» Task: Could each entry below be written out exactly, with every picture dropped?

» Input for this task:
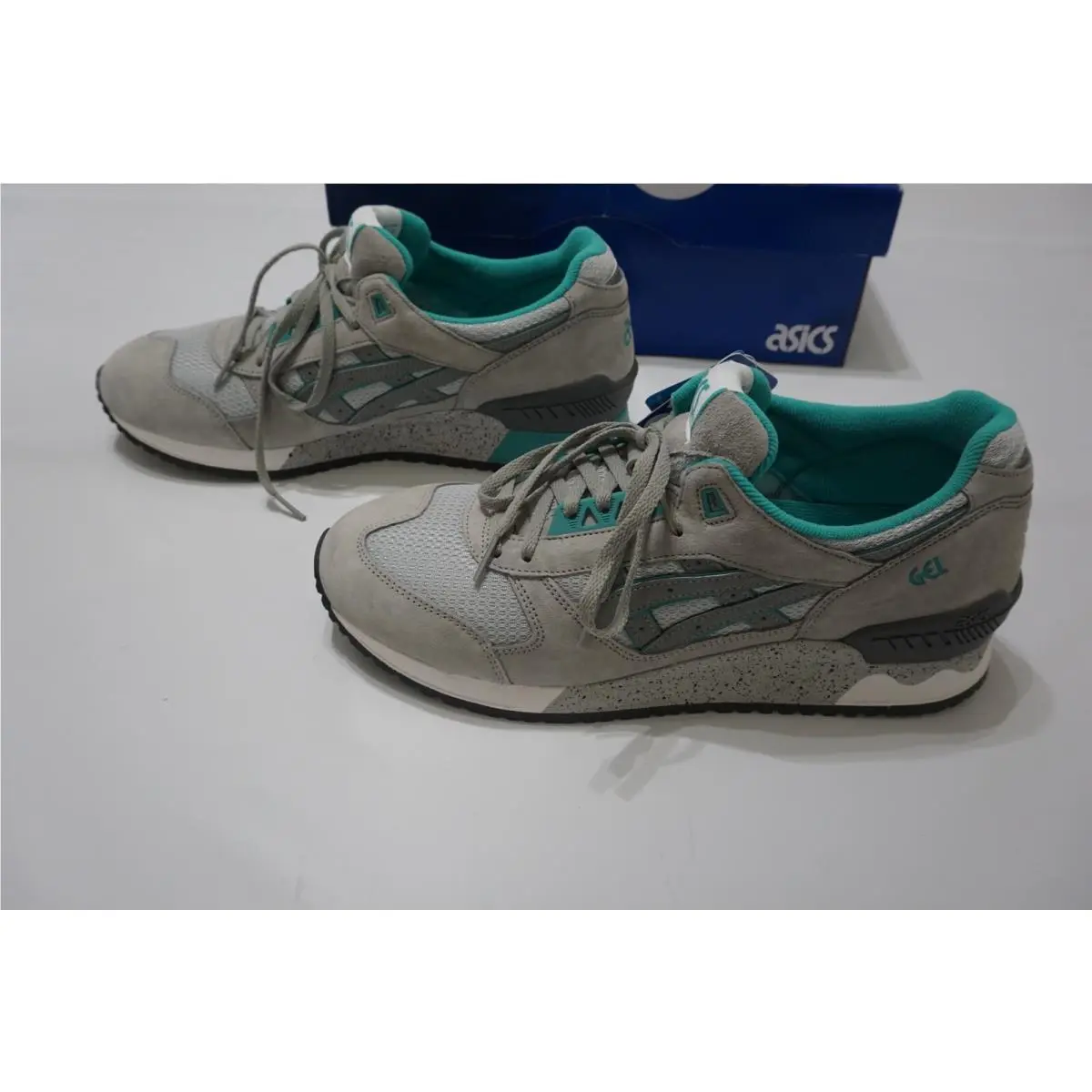 Asics shoes - Gray 4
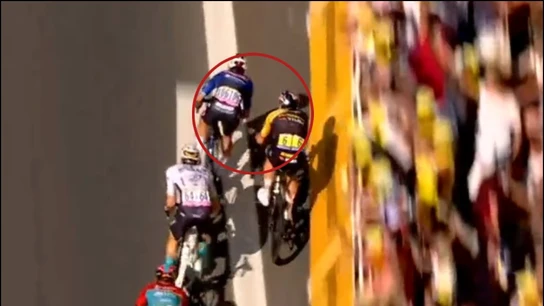 Lio tremendo en la primera sprint del Tour de Francia: victoria de Philipsen con polémica Lio tremendo en la primera sprint del Tour de Francia: victoria de Philipsen con polémica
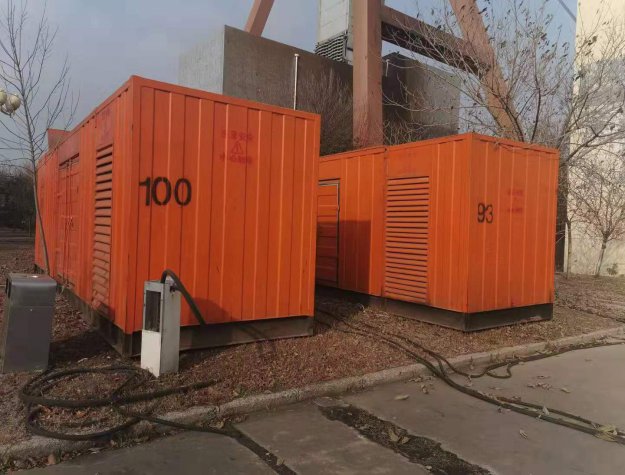  100KW發(fā)電機組施工現(xiàn)場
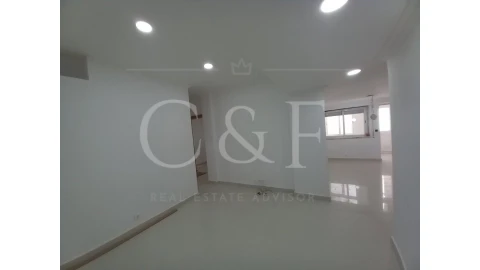Moradia T5 para Venda em Carcavelos e Parede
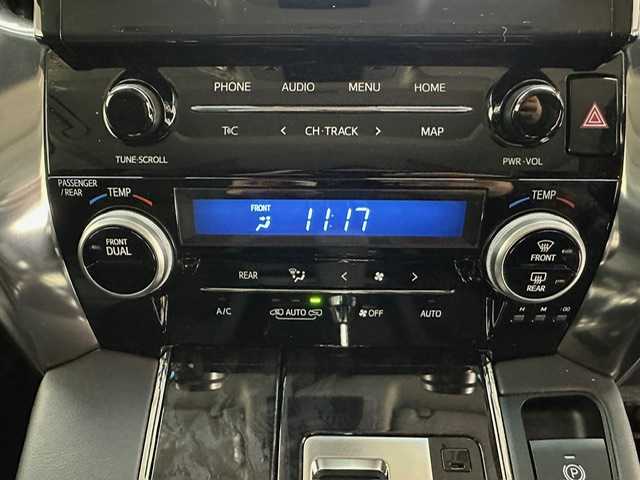 トヨタ アルファード S Cパッケージ 兵庫県 2020(令2)年 1.5万km ホワイトパールクリスタルシャイン 純正コネクトナビ/BT USB/バックカメラ/ツインムーンルーフ/両側パワースライドドア/TRDエアロ/デジタルインナーミラー/レーダークルーズコントロール/クリアランスソナー/PCS/LTA/PKSB/RCTA/BSM/RSA/BLITZ車高調/パワーバックドア/レザーシート/シートヒーター/ベンチレーション/パワーシート/ビルトインETC2.0/LEDヘッドライト/オートライト/オートハイビーム/スマートキー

» Answer to this problem:
 Asics shoes - Gray 4
 Lio tremendo en la primera sprint del Tour de Francia: victoria de Philipsen con polémica Lio tremendo en la primera sprint del Tour de Francia: victoria de Philipsen con polémica
  100KW發(fā)電機組施工現(xiàn)場
Moradia T5 para Venda em Carcavelos e Parede
 トヨタ アルファード S Cパッケージ 兵庫県 2020(令2)年 1.5万km ホワイトパールクリスタルシャイン 純正コネクトナビ/BT USB/バックカメラ/ツインムーンルーフ/両側パワースライドドア/TRDエアロ/デジタルインナーミラー/レーダークルーズコントロール/クリアランスソナー/PCS/LTA/PKSB/RCTA/BSM/RSA/BLITZ車高調/パワーバックドア/レザーシート/シートヒーター/ベンチレーション/パワーシート/ビルトインETC2.0/LEDヘッドライト/オートライト/オートハイビーム/スマートキー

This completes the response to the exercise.